### [WORK ITEM]
Starting at the line that contains "White Oak Solid" and stopping after the line that contains "Making Documentary Films", transcribe the listing below exactly; do not include any pictures.

### [THE DATA]
■ ■ ■ ■ ■

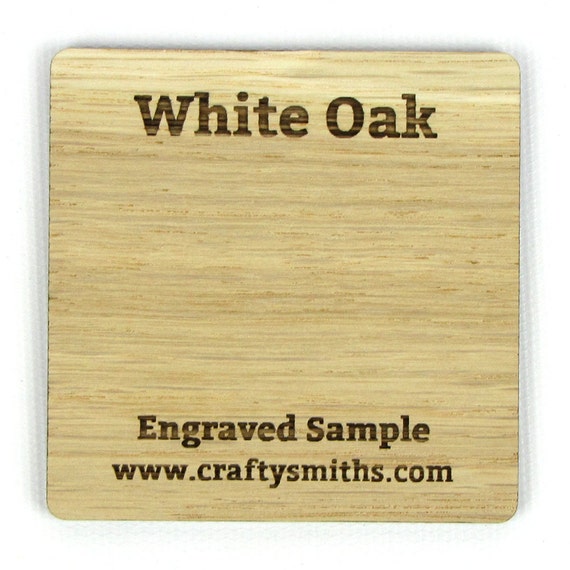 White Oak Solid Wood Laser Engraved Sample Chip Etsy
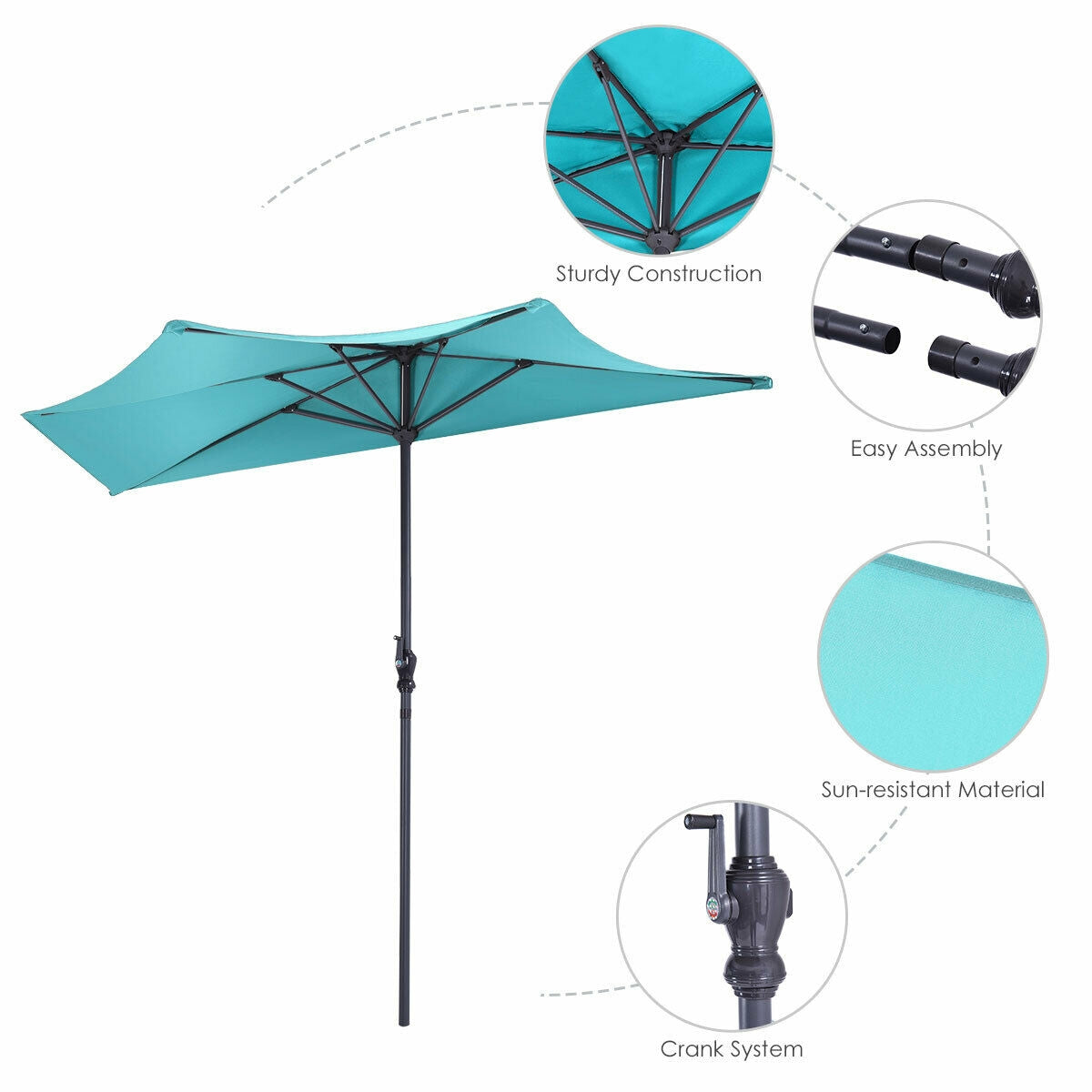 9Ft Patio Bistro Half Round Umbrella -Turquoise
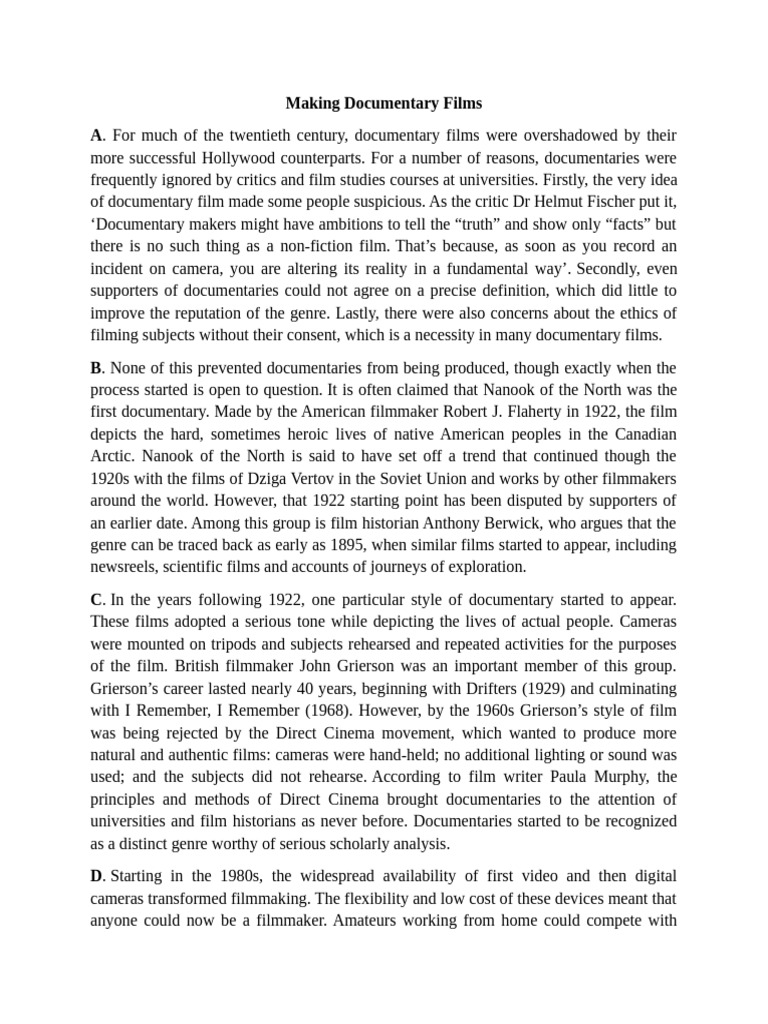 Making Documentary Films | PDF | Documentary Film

■ ■ ■ ■ ■

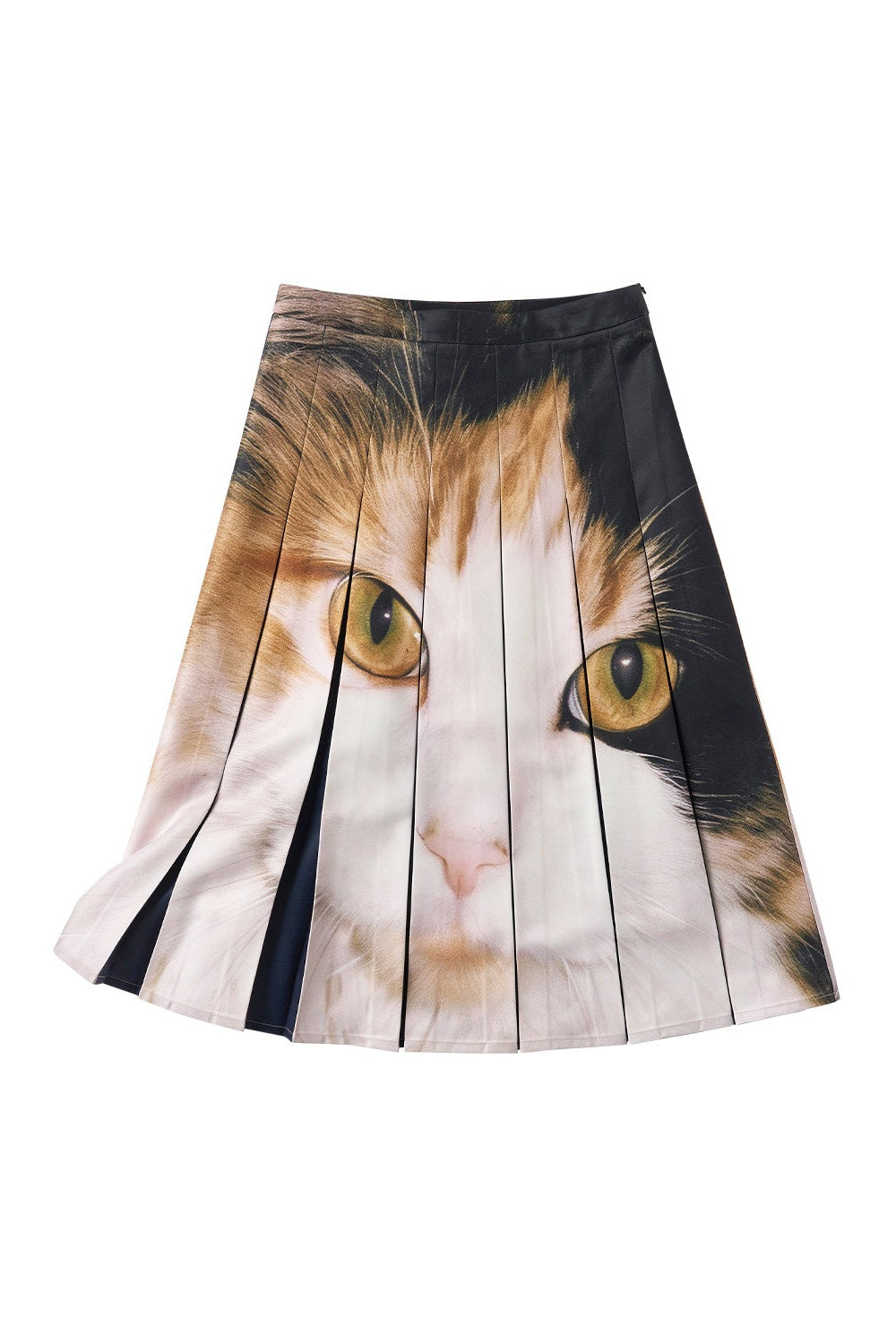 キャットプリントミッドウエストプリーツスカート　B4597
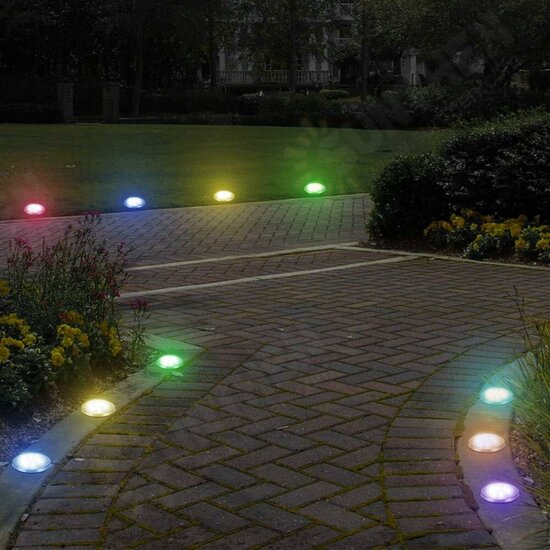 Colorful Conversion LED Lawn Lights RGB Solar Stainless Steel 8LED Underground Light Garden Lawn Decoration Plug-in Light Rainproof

■ ■ ■ ■ ■

### [RESPONSE AREA]
 White Oak Solid Wood Laser Engraved Sample Chip Etsy
 9Ft Patio Bistro Half Round Umbrella -Turquoise
 Making Documentary Films | PDF | Documentary Film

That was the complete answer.